Health officials announced that the country’s total confirmed cases had reached 106,330 confirmed cases and 2,104 deaths.

In the US, which saw the number of new cases reported decline again on Sunday, Dr. Birx warned last night that the virus is more widespread than ever across the country, while Dem leader Nancy Pelosi said she didn’t have much confidence in Dr. Birx, whom she denounced as an unreliable Trump appointee.

Another silver lining: Hong Kong reported 80 new cases, the first time in 12 days that the SAR reported a daily rise of fewer than 100 new cases. A team of Chinese officials are rolling out a new mass-testing regime in the quasi-autonomous territory that is still reeling from a new national security law imposed by Beijing that cracks down on political dissent.

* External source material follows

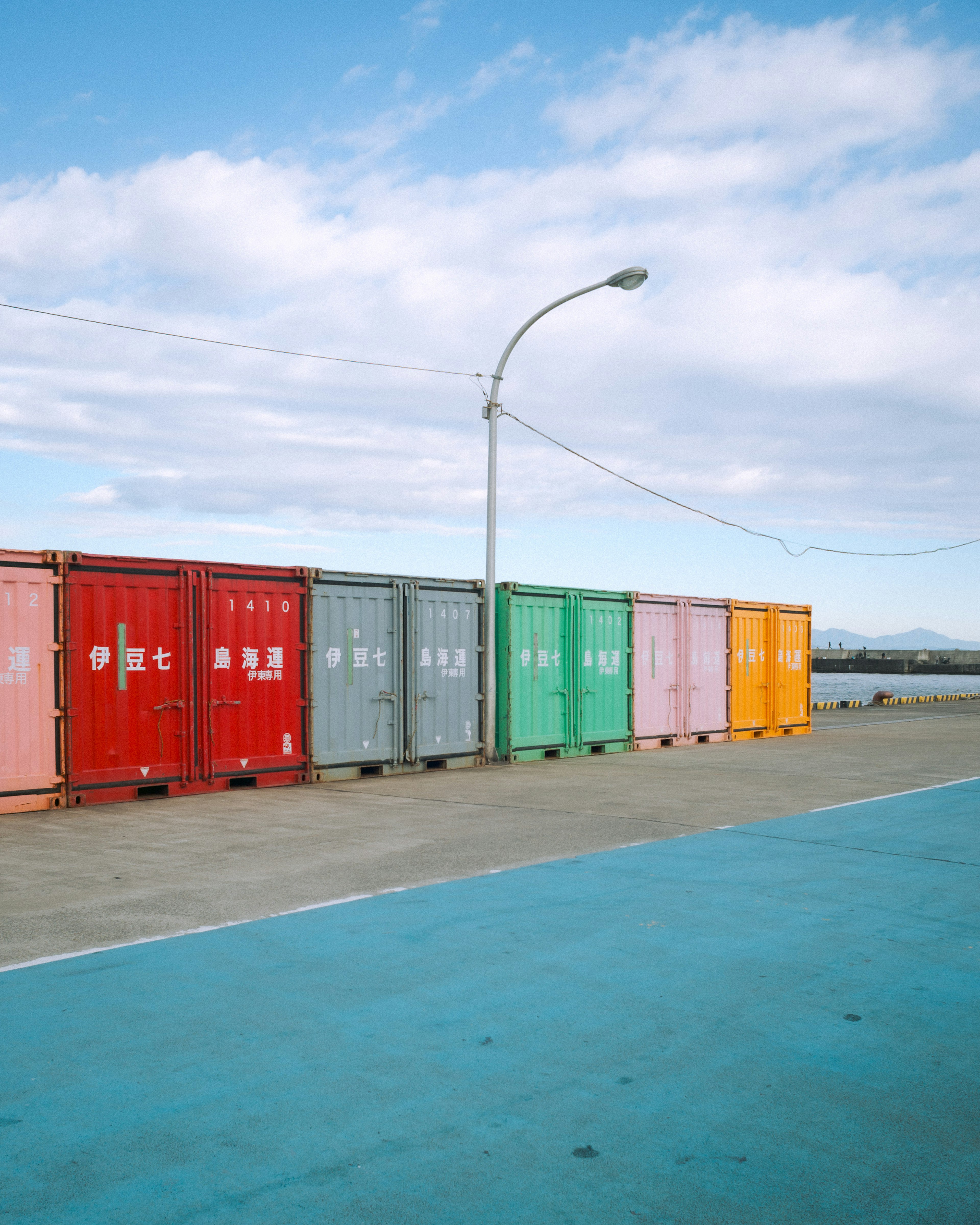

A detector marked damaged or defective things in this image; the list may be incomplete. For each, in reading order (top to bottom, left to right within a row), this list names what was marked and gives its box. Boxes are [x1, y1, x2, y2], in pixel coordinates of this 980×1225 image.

Finally: During his daily appearance on CNBC’s “Squawk Box”, former FDA head Scott Gottlieb said  governments should work toward a “happy medium” of closures and restrictions that does the least amount of damage to the economy while keeping the virus mostly at bay.

“The question is: can they hang on to those gains, or are they being quietly seeded right now”…the bottom line question is targeted mitigation – you close bars….you move activities outside – combined with universal masking…is that enough to keep the virus at bay,”

“If it can, then we may have found some kind of happy medium if you will between lockdowns and unfettered spread.”